Engineering services group Renew (RNWH) boasts some classic attractions as an investment based on the specialised and non-discretionary nature of its work. Recently, though, it has been a struggle for investors to focus on the positive. The many challenges the group has faced have obscured the long-term opportunity and left the shares trading at a bargain valuation.

IC TIP: Buy at 390p
Tip style
Value
Risk rating
Medium
Timescale
Medium Term
Bull points

Low rating
Improved margins
Analyst upgrades
Imminent increase in rail spending

Bear points

Recent results challenged
Slow payments

About four-fifths of Renew’s revenue and 90 per cent of profit comes from its engineering services division, which works across the UK’s large infrastructure networks such as rail, water and nuclear. Given the national importance and advanced age of such assets, spending on maintenance and improvements is necessarily high and is largely dictated by regulators. The complex nature of much of this work makes it difficult for new players to enter the market, and the work on offer appears to be growing. In the six months to March, the engineering services order book rose a hearty 9 per cent, and orders should be boosted further by what should prove a canny recent acquisition.

In May this year, the group announced the £80m acquisition of QTS, a specialist rail contractor based in Scotland, funded by a £45m share placing at 355p plus debt. The group completed a similar purchase of another rail specialist, Giffen, in November 2016. Both QTS and Giffen are longstanding providers to Network Rail and, in Giffen's case, London Underground. Since the Giffen acquisition, Renew has successfully cross-sold services to its customers from its existing Amco business, providing a blueprint for the integration of QTS, which will expand Renew's geographic footprint.

However, the recent acquisitions are of most significance due to their timing, which is ahead of a new five-year Network Rail spending cycle that starts next April. The Department for Transport has proposed a 17 per cent increase in total spending over the period, to £47.9bn, and a focus on maintenance spending means broker Numis estimates that Renew's markets will expand by 25 per cent. That suggests the 9 per cent upgrade the broker made to its 2019 EPS forecasts following the announcement of the QTS deal may be just the beginning of an upgrade cycle.

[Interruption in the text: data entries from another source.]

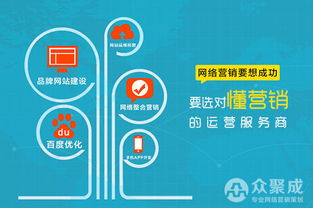 泉州企业产品营销策划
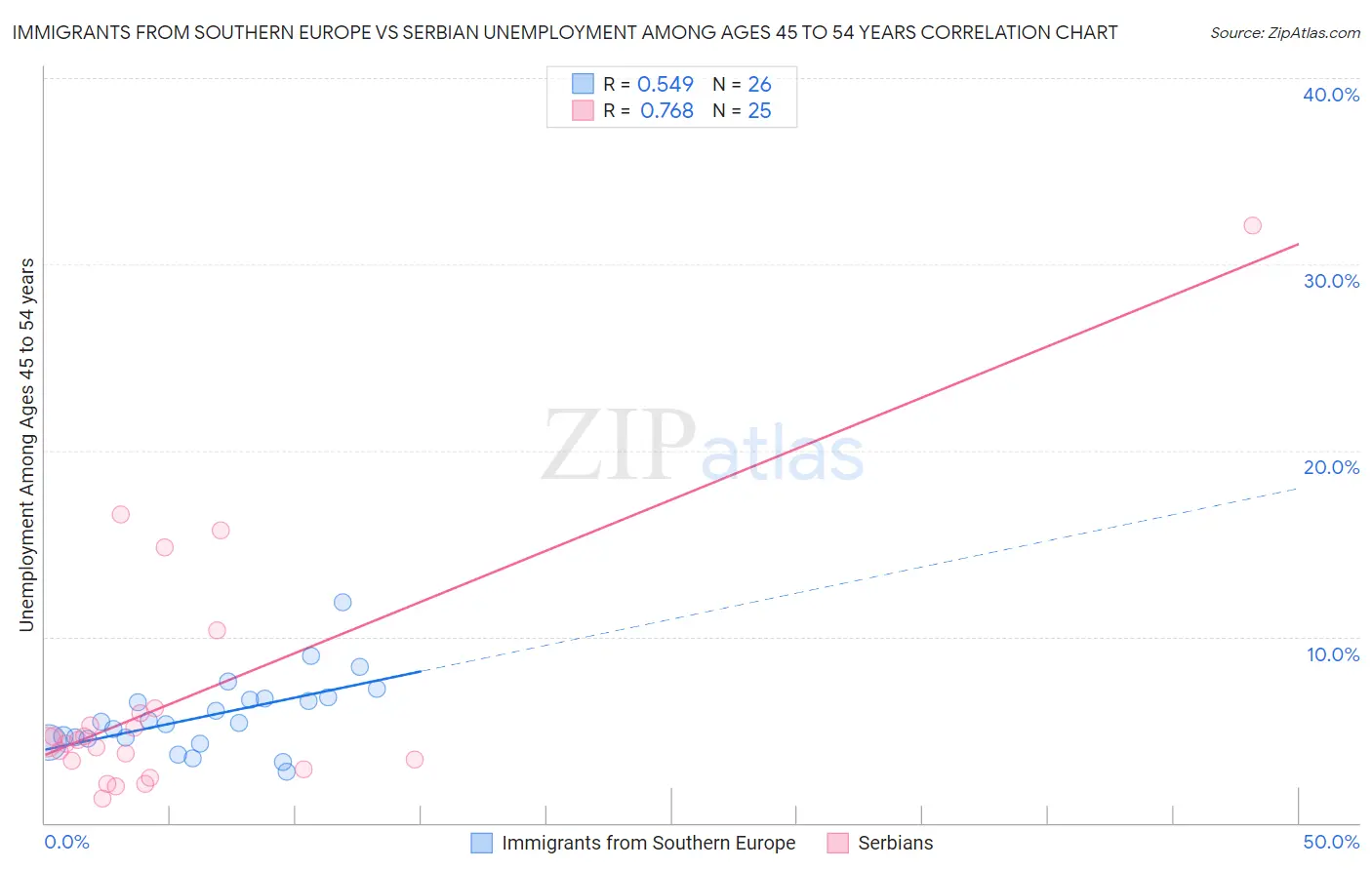 Immigrants from Southern Europe vs Serbian Unemployment Among Ages 45 to 54 years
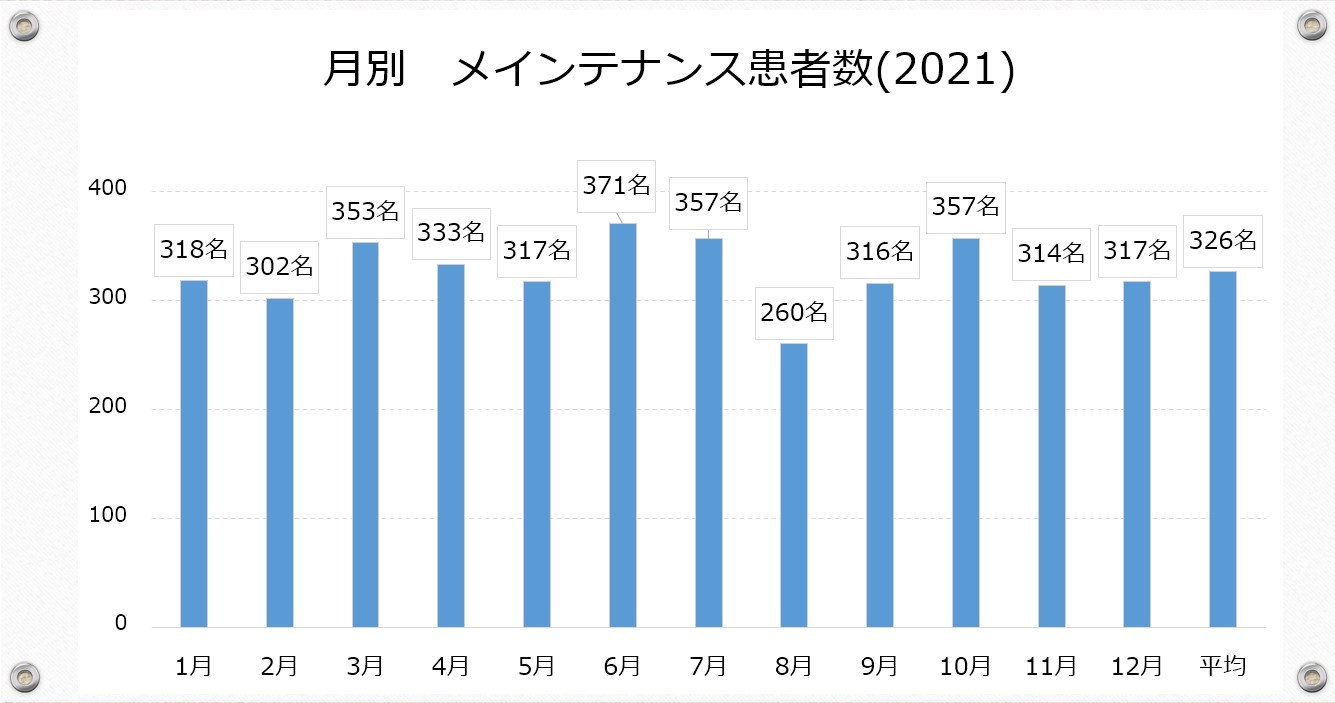 江崎デンタルクリニックトップ・情報公開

Any positive trend would come as a big relief to shareholders following a slew of challenges. The group sold off its long-suffering small-diameter gas pipe business, Forefront, in February for a "de-minimis" sum and took a £9.9m non-cash impairment charge in the half year based on the value its accounts had previously put on Forefront's assets. A weaker performance from the specialist building division and a hit from adverse weather also weighed on the first half. The company has also reported slow payments from clients, although this appears to be alleviating.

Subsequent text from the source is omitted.